The regiment was moved to Dublin in 1899, and served in Ireland for several years. In 1912 it was again posted to India. The 21st Lancers did not see service on the Western Front during the First World War, being the only regular cavalry regiment of the British Army to spend the duration of the war in India. The regiment did however see action on the North-West Frontier during 1915–16, with one trooper, Charles Hull, receiving the Victoria Cross.

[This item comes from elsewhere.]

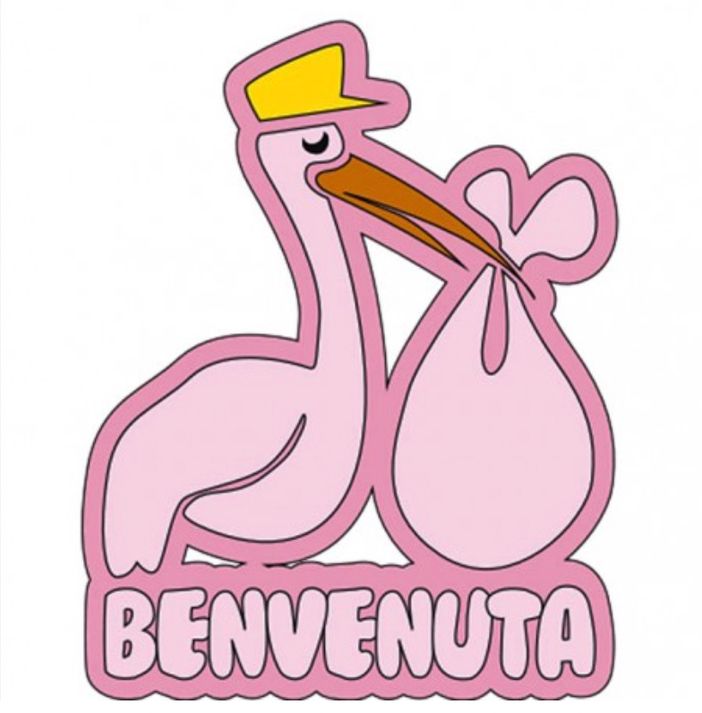 Fiocco rosa per la consigliera Babudro: è nata Diana Sofia Fiocco rosa per la consigliera Babudro: è nata Diana Sofia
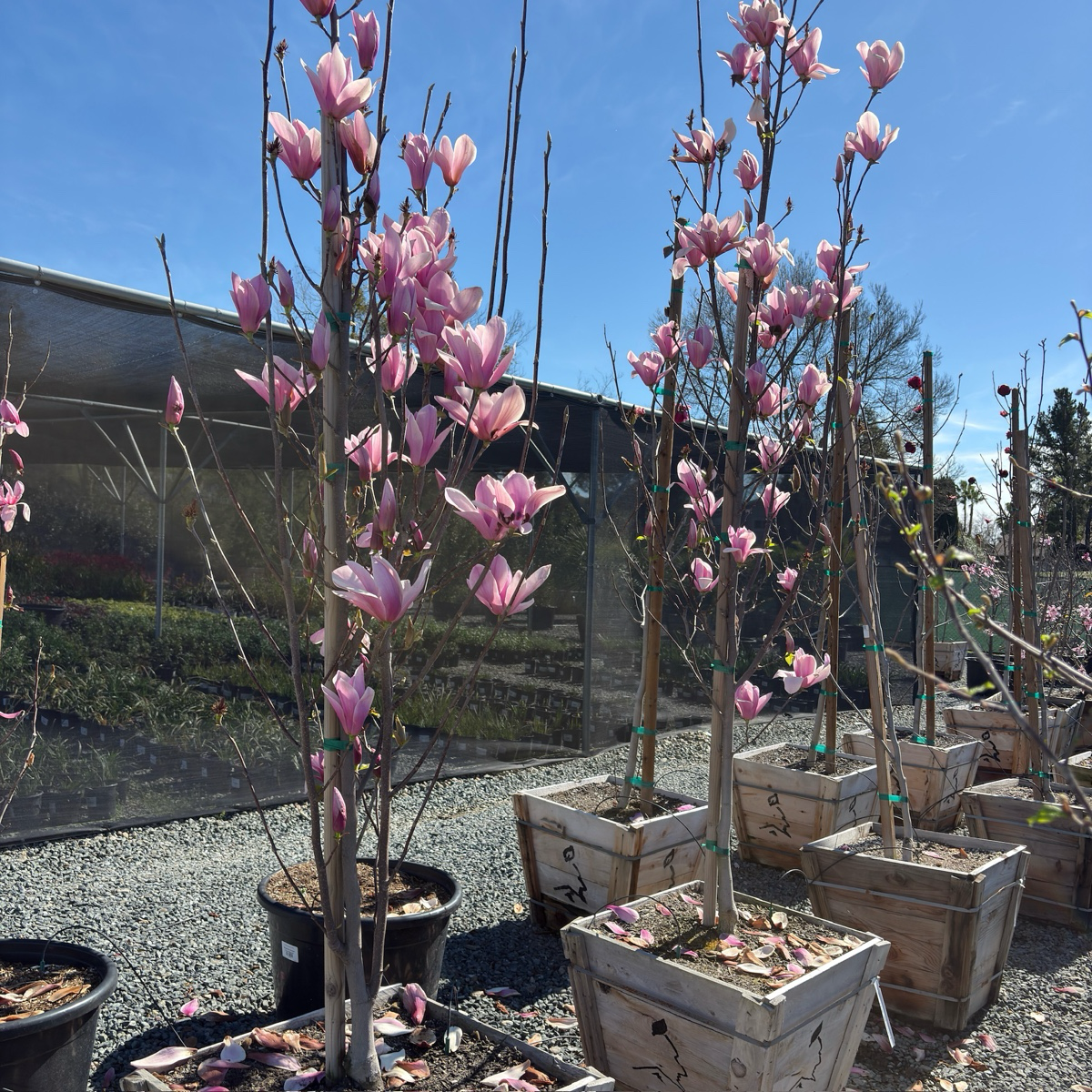 Galaxyl Magnolia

A single squadron made up of reservists served in France in 1916–17, attached to XIV Corps.

===Disbandment===
The regiment was retitled 21st Lancers (Empress of India's) in 1921 and shortly thereafter disbanded as part of the post-War reduction in forces, though a cadre was briefly resurrected in 1922 in order to amalgamate with the 17th Lancers, to form the 17th/21st Lancers.

==Regimental museum==
The regimental collection is held at The Royal Lancers and Nottinghamshire Yeomanry Museum which is based at Thoresby Hall in Nottinghamshire.

==Battle Honours==
The regiment's battle honours were as follows:
- Khartoum (Battle of Omdurman)
- The Great War: N.W. Frontier India 1915-16
Note: the latter honour was awarded in September 1922 (after amalgamation).

==Victoria Crosses==
- John Berryman, Sergeant - Crimean War, 25 October 1854
- John Farrell, Sergeant - Crimean War, 25 October 1854
- Thomas Byrne, Private - Sudan Campaign, 2 September 1898
- Raymond de Montmorency, Lieutenant - Sudan Campaign, 2 September 1898
- Paul Aloysius Kenna, Captain - Sudan Campaign, 2 September 1898
- Charles Hull, Private - First World War, 5 September 1915

==Regimental Colonels==
Colonels of the regiment were:
- 3rd Bengal European Light Cavalry
- 1858–1862: Lt-Gen. William Pattle, CB
- 21st Regiment of Hussars (1852)
Transferred to British Army, 1852
- 1862–1865: Lt-Gen. Sir John Bennet Hearsey, KCB
- 1865–1880: Gen. William Parlby
- 21st Hussars (1877)
- 1880–1882: Gen. Hon. James William Bosville Macdonald, CB
- 1882–1886: Gen. Sir Charles John Foster, KCB
- 1886–1902: Gen. Sir Robert White, KCB
- 21st (Empress of India's) Lancers (1898)
- 1902–1909: Maj-Gen. Sir Alexander James Hardy Elliot, KCB
- 1909–1916: Maj-Gen. Sir Frederick William Benson, KCB
- 1916–1919: Maj-Gen. Arthur Henry Taylor
- 1919–1921: Gen. Hon. Sir Herbert Alexander Lawrence, GCB (to 17th/21st Lancers)
- 1921: Disbanded
- 1922: Reformed and amalgamated with 17th Lancers (Duke of Cambridge's Own) to form the 17th/21st Lancers

==See also==
- British cavalry during the First World War
- 21st Light Dragoons
- White mutiny

==Sources==
- Chant, Christopher (2013). "The Handbook of British Regiments"
- Jenkins, Roy (2001). "Churchill: A Biography"
- Pakenham, Thomas (1992). "The Scramble for Africa"
- Raugh, Harold E. (2004). "The Victorians at War, 1815-1914: An Encyclopedia of British Military History"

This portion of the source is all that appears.